# Model Training with SageMaker Estimator Training Job and track it using Experiments

In this notebook we train a Keras model using the MNIST dataset on a remote SageMaker instance using a training job.


## 개요

- [작업 실행 시 필요한 라이브러리 import](#작업-실행-시-필요힌-라이브러리-import)
- [SageMaker 세션과 Role, 사용 버킷 정의](#sagemaker-세션과-role-사용-버킷-정의)
- [Training script 작성](#training-script-작성)
- [Experiment을 생성하고 training job을 실행하기](#experiment을-생성하고-training-job을-실행하기)

## Reference

- https://sagemaker-examples.readthedocs.io/en/latest/sagemaker-experiments/sagemaker_job_tracking/tensorflow_script_mode_training_job.html
- https://sagemaker.readthedocs.io/en/stable/frameworks/tensorflow/sagemaker.tensorflow.html#tensorflow-estimator
- https://sagemaker.readthedocs.io/en/stable/experiments/sagemaker.experiments.html


### 작업 실행 시 필요힌 라이브러리 import


In [None]:
import sys

In [None]:
# update boto3 and sagemaker to ensure latest SDK version
!{sys.executable} -m pip install --upgrade pip
!{sys.executable} -m pip install --upgrade boto3
!{sys.executable} -m pip install --upgrade sagemaker
!{sys.executable} -m pip install --upgrade tensorflow

In [None]:
import boto3
import sagemaker

### SageMaker 세션과 Role, 사용 버킷 정의


In [None]:

sagemaker_session = sagemaker.session.Session()
boto_session = boto3.Session()

role = sagemaker.get_execution_role()
# SageMaker사용시 log, model artifact 등의 저장을 위해 default로 지정되는 s3를 사용할 수도 있고,
# 아니면 직접 s3 세팅해서 이걸 사용하라고 지정해 줄 수도 있습니다.
# 실습에서는 default로 제공되는 s3를 사용해보겠습니다.

# default bucket이 아니라 직접 만든 s3 bucket을 사용할 수도 있습니다.
# 만약 직접 생성한 s3 bucket을 사용할 경우 에러가 난다면 아래의 두 경우일 확률이 높습니다.
# 1. bucket이 없는 경우. 즉, bucket을 생성하지 않았는데 그 bucket을 사용하려고 하는 경우
# 2. bucket을 생성했지만, role에 해당 bucket에 대한 read, write 권한이 없는 경우
default_bucket = sagemaker_session.default_bucket()

# sagemaker를 사용
sm = boto_session.client("sagemaker")
region = boto_session.region_name

In [None]:
print(sagemaker_session)
print(role)
print(default_bucket)
print(sm)
print(region)  # ex) us-east-2

### Training script 작성

Here we use a SageMaker Training job to train the model on a remote instance.


In [None]:
!mkdir -p script

In [None]:
%%writefile ./script/train.py

# 이렇게 하면 script/train.py 파일이 생성되고, 이 아래에 있는 코드들이 이 파일에 작성된다.

import os

os.system("pip install -U sagemaker")

import numpy as np
from tensorflow import keras
from tensorflow.keras import layers
import pandas as pd
import argparse

from sagemaker.session import Session
from sagemaker.experiments import load_run

import boto3

boto_session = boto3.session.Session(region_name=os.environ["REGION"])
sagemaker_session = Session(boto_session=boto_session)
s3 = boto3.client("s3")


def parse_args():
    parser = argparse.ArgumentParser()

    parser.add_argument("--epochs", type=int, default=1)
    parser.add_argument("--batch_size", type=int, default=64)
    parser.add_argument("--dropout", type=float, default=0.01)

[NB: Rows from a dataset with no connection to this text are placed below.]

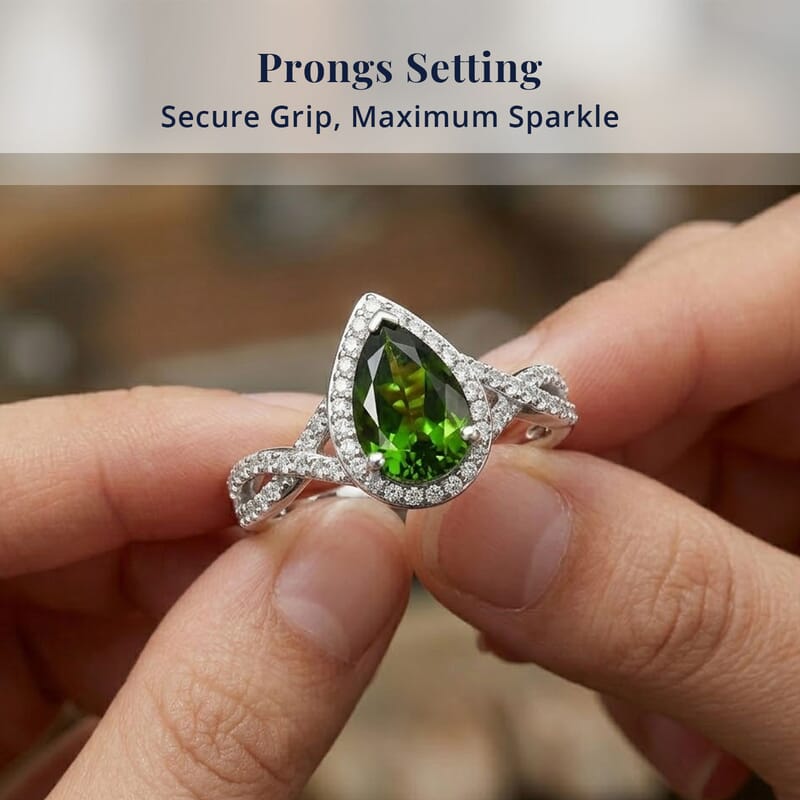 D'Joy Chrome Diopside and Moissanite 1.60 ctw Infinity Crown Ring in Rhodium Over Sterling Silver (Size 5.0)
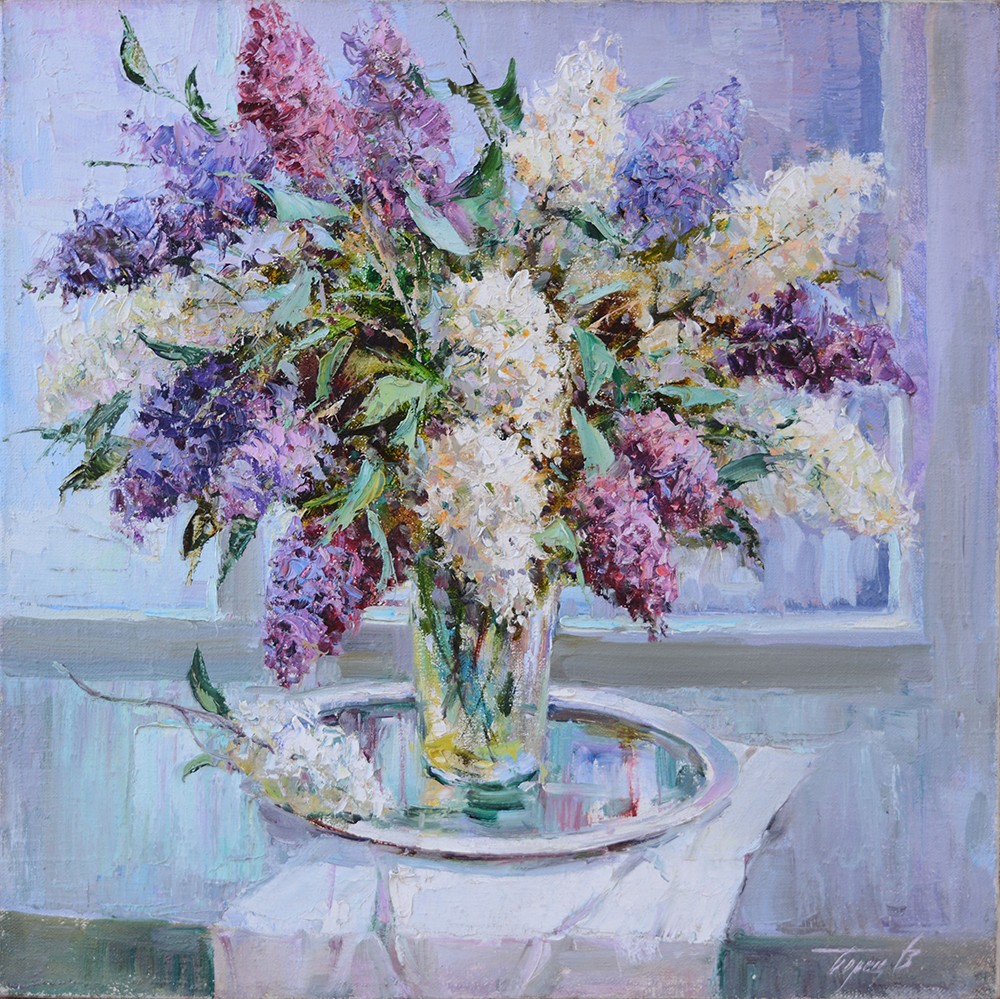 Oil painting flowers "lilac in a vase" unframed 22581 from Gallery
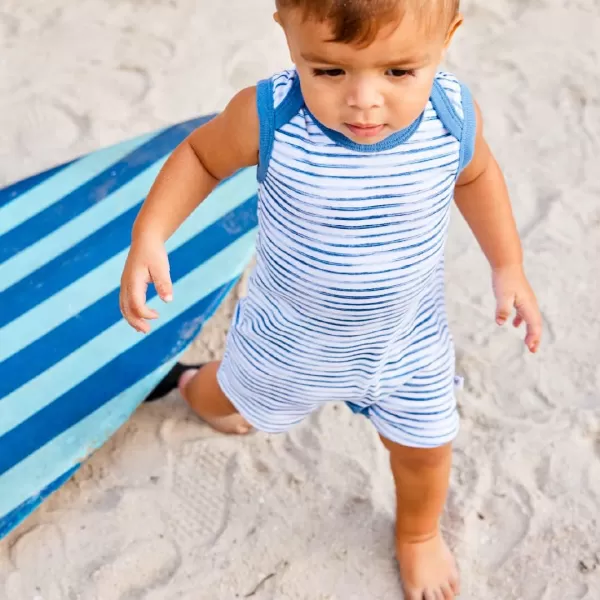 HonestBaby Multipack Short Romper Sets and Dresses 100 Organic Cotton for Infant Baby and Toddler Boys Girls Unisex2 White Indigo Stripe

    return parser.parse_known_args()


# Define the Keras callback to log metrics to the run
# The Keras Callback class provides a method on_epoch_end which emits metrics at the end of each epoch.
# All emitted metrics will be logged in the run passed to the callback.
class ExperimentCallback(keras.callbacks.Callback):
    def __init__(self, run, trained_model, x_test, y_test):
        self.run = run
        self.trained_model = trained_model
        self.x_test = x_test
        self.y_test = y_test

    def on_epoch_end(self, epoch, logs=None):
        keys = list(logs.keys())
        for key in keys:
            self.run.log_metric(name=key, value=logs[key], step=epoch)
            print("{} -> {}".format(key, logs[key]))


def load_data():
    num_classes = 10
    input_shape = (28, 28, 1)

    train_path = "input_train.npy"
    test_path = "input_test.npy"
    train_labels_path = "input_train_labels.npy"
    test_labels_path = "input_test_labels.npy"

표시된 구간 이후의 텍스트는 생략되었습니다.